A deep neural network based fully automatic traffic light detection system

Machine Learning Engineer Nanodegree - Capstone Project

Alberto Vigata

0. Setup

Requirements

This project needs separate big files that are not included by default in the repository. Run setup.sh to download models and validation images and videos.
Python 3 is required with the following libraries
- numpy
- keras
- tensorflow
- opencv
- moviepy

I. Definition

Project Overview

This project deals with the creation of a system to detect traffic signals in an image, and in turn, detect the state of such signals. In order to create this system we'll need the help of tools in the realm of computer vision.

Historically image semantic segmentation and inference has been an active field of study, but it wasn't until the advent of deep neural networks when breakthroughs did happen.

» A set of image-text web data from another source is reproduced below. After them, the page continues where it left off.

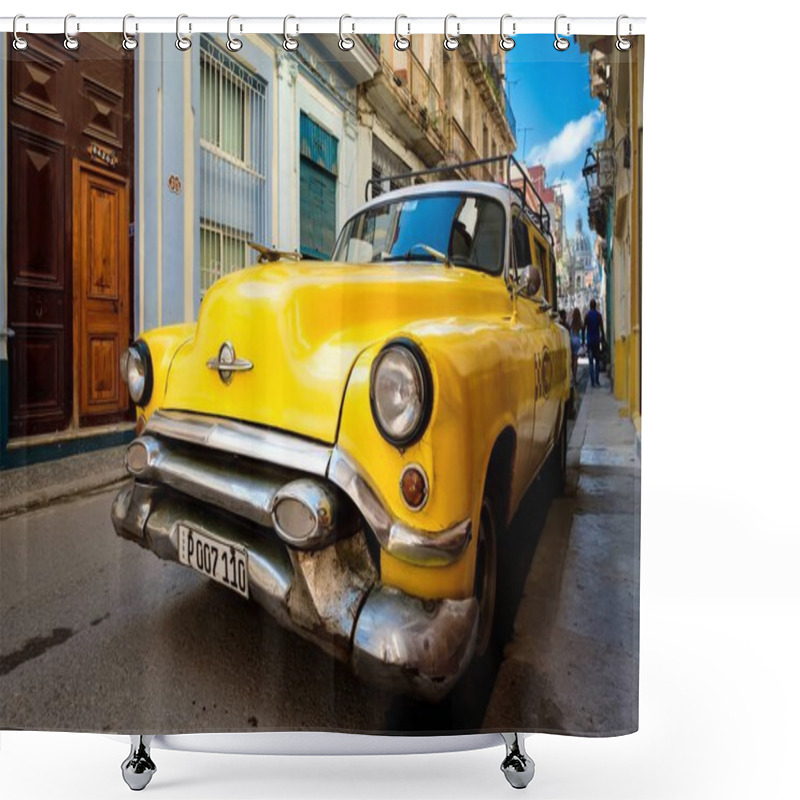 Personality  Old Classic American Car On A Narrow Street In Old Havana Shower Curtains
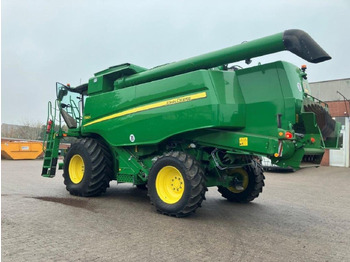 Combine harvester John Deere T560: picture 4 Combine harvester John Deere T560: picture 4
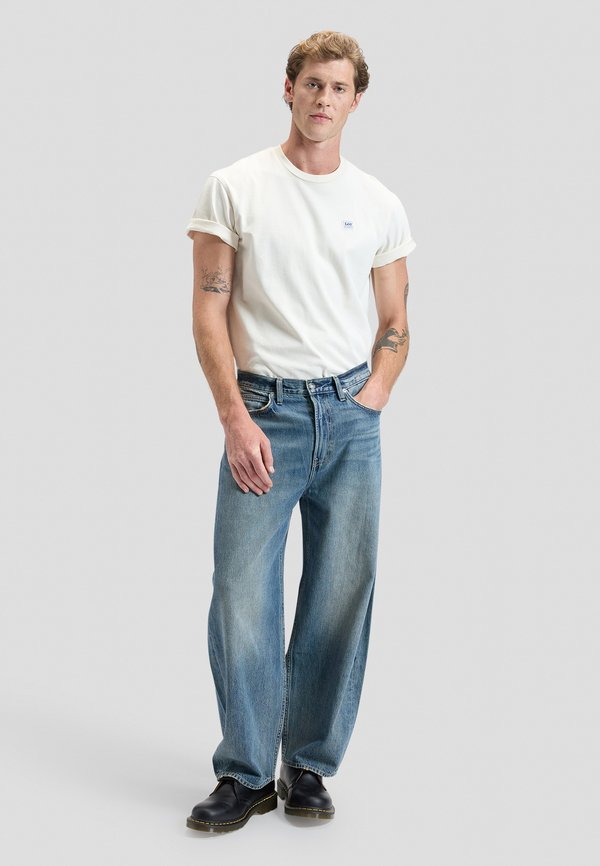 Lee BARREL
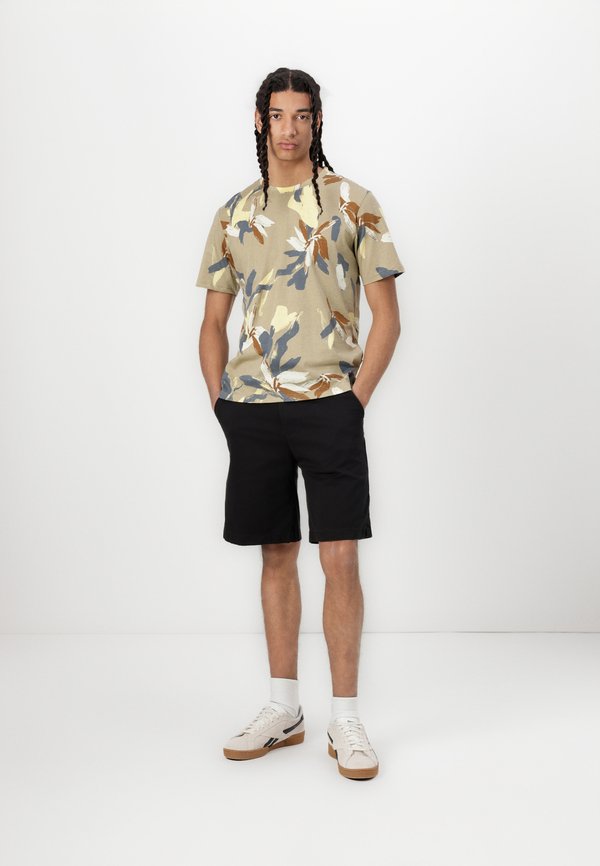 JORVARENNA TEE CREW NECK - Print T-shirt - silver sage2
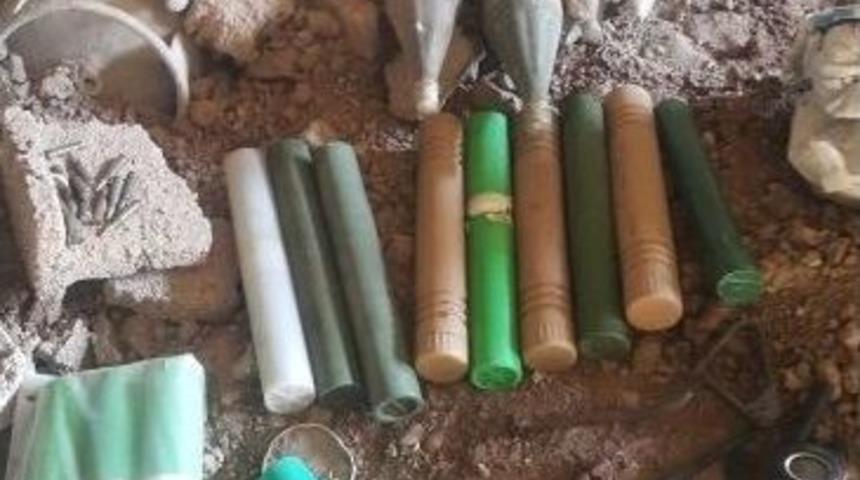 Nusaybin&rsquo;de Silah Ve M&uuml;himmat Bulundu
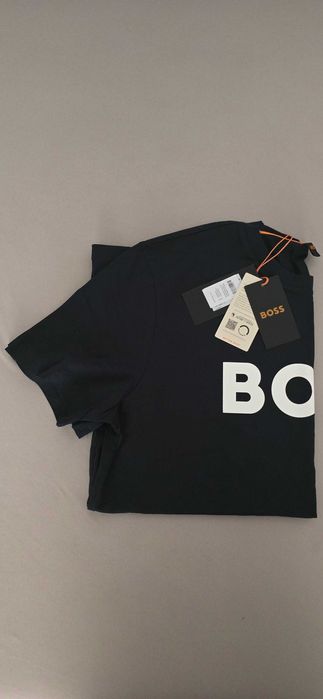 Мъжки тениски BOSS /с къс ръкав/ - различни цветове и размери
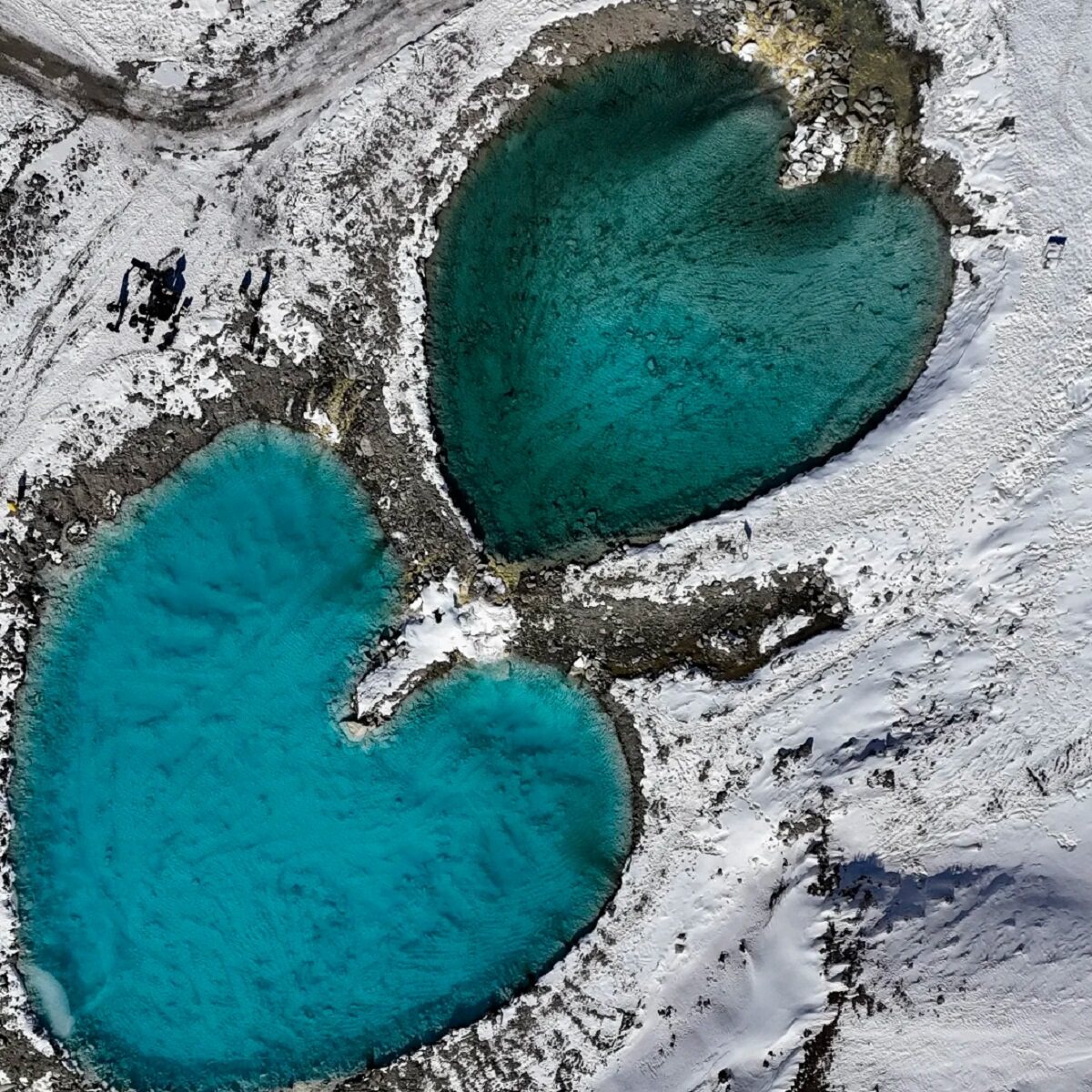 岗什卡雪峰拼+包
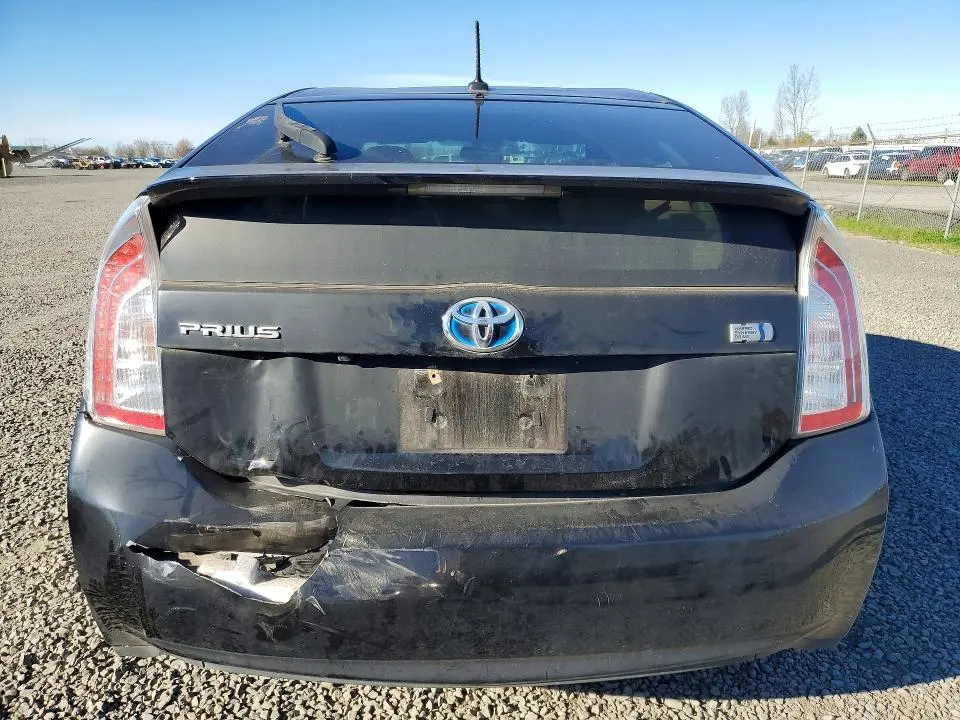 2015 TOYOTA PRIUS THREE  
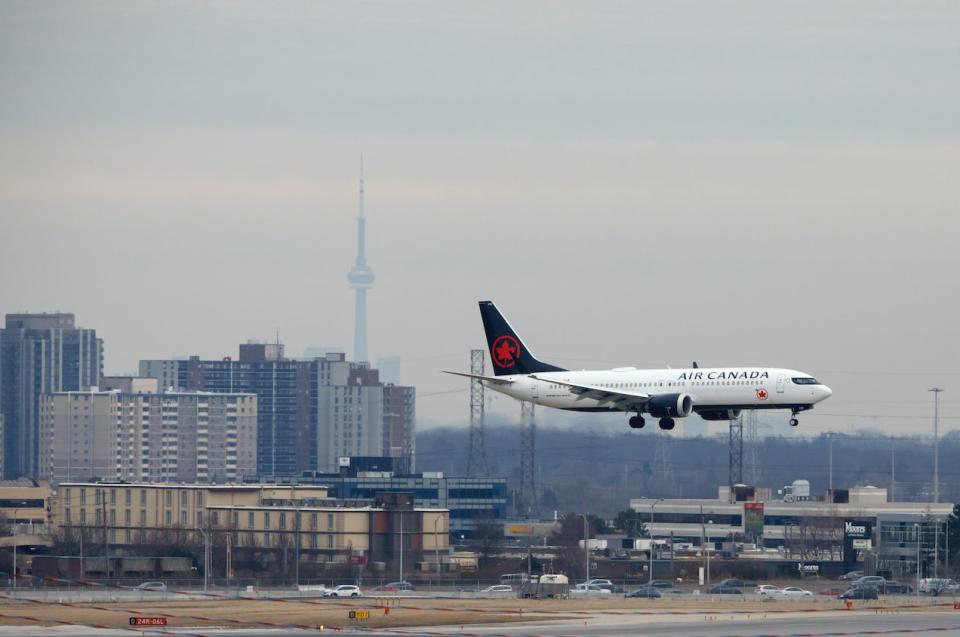 An Air Canada Boeing 737 MAX 8 jet approaches Toronto Pearson International Airport for landing on March 13, 2019 in Toronto, Canada. (Photo: Cole Burston/Getty Images)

In particular, this paper released in 2014 (2014, Fully Convolutional Networks (FCN) by Long et al.) spearheaded a new successful approach in the field. Since then, multiple new architectures have improved in the segmentation accuracy, a good review can be seen here

Problem Statement

The problem to be solved consists in creating a system that is fed real world images and it's able to identify traffic signals in the images and then in turn, identify the state of such signal as green, yellow or red. Such system could be used in autonomous systems to gain awareness of right of way.

The inputs to the system are single images, and images only. The outputs of the system will be a logical output affirming if a traffic light is present, and if present what's the current state of the traffic light, green, yellow or red.

Because we'll have a ground truth from our testing images we'll be able to easily identify if our system is performing as expected or not.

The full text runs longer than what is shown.